殷情怯被他挾得透不過氣來,嬌喘細細,柔眉微蹙,但靨上有一股浪蕩的風采,吃吃笑道:“你才傻!”
白青衣只見浪花濺衣,朱脣微露,忽然生起了一種極其疼愛之意,殷情怯也感覺到了,腰肢動了動,似要掙脫,呼息急促了起來。
白青衣當下不理一切,湊嘴封住了殷情怯的朱脣。
殷情怯用粉拳捶着他,捶着,一面咿咿唔晤的說:“你不要這樣,你不能對我這樣……”
白青衣忽然鬆了口,讓殷情法透了一口氣,一面笑說:“這句話,你三年前就說過了。”
殷情怯的雙頰忽然紅了,紅得令人蕩逸飛揚,白青衣又一把擁緊了她,說:“你猜我那時候怎麼樣?”
浪花嘩地一聲,衝擊在岩石上。
白青衣親吻着她,全身爲體內一股崩不可遏的熱氣所激動,“我不要理你,我――”
他沒有把話說下去…
因爲一腔熱情,被寒若冰之刃切斷。
一把雪寒的長刃,已插入他腹中。
白青衣不敢相信。
他仍沒有出手,戟指道:“你——”殷情怯衣袖一褪。一把寒光閃閃的青劍在乎,一揮之下,白青衣雙腿齊斷。

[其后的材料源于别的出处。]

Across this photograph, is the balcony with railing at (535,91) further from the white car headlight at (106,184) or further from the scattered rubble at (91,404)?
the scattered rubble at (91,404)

白青衣睚眥欲裂,殷情怯淡淡地道:“你知道你在闖水陣嗎?來到水陣,還能如此大意?你自命風流,都是濫情害了你。水陣以柔制剛,孫子曰:‘始如處女,敵人開戶,後如脫兔,敵不及拒’,進水陣,我還未曾發動,但你心裡的水陣,已毀了你的戰志。”
白青衣最強的是輕功。
但此刻一雙腳己斷。
殷情怯冷冷地道:“你在外面勾三搭四,快活夠了,而今,就毀在這德性裡!”
白青衣艱辛地問:“你爲何當時……不下手?”就在這時,他忽然想起,飛烏、枯木、葉夢色他們不知怎麼了?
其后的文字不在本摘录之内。